Bluefin Settles With FTC Over Credit Card Payment Scheme

The Federal Trade Commission announced on Thursday (Feb. 11) a settlement agreement with Capital Payments, perhaps better known as Bluefin Payment Systems, for a total consideration of $2.6 million tied to an alleged telemarketing scheme.

The FTC said in a release that Bluefin enabled the scheme with a firm called The Tax Club, wherein the latter firm used merchant accounts in order to process credit card payments from consumers. The Tax Club then siphoned off money from consumers looking to start home-based businesses.

Yet, said the FTC, Bluefin “ignored red flags” about The Tax Club, which included chargebacks, claims of fraud from consumers and even alerts from financial institutions.
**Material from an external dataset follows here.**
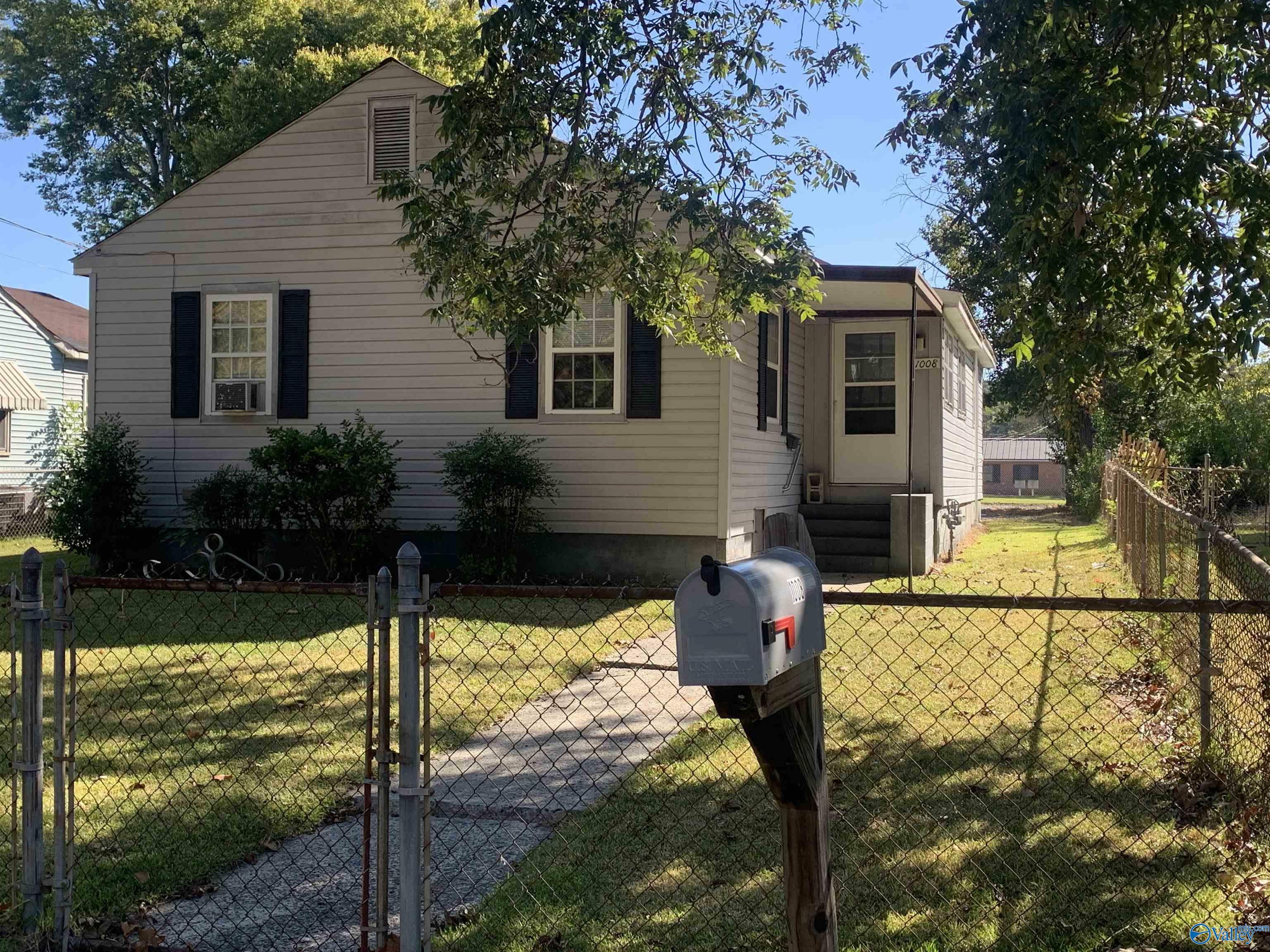 Property Photo:  1008 Wilbanks Avenue  AL 35903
The Bluefin/Tax Club relationship ended only after the FTC, along with Florida and New York, sued The Tax Club three years ago, charging deceptive telemarketing practices.

The settlement has a $2.6 million judgement in place that is partly suspended for what the FTC said was the “current financial situation” of the company, with Bluefin agreeing to pay $750,000. The settlement order states that the company is banned from payment processing or acting as an ISO for several categories of clients and prohibited from assisting or facilitating any merchant that might be known, or should be known, to be violating FTC rules.

Looking further out, Bluefin, as part of the agreement, must make efforts to screen prospective clients for certain financial criteria and must also be on the lookout for hints of fraud or deceptive conduct; should there be evidence of firms engaged in deceptive conduct, the company must terminate relationships with those firms.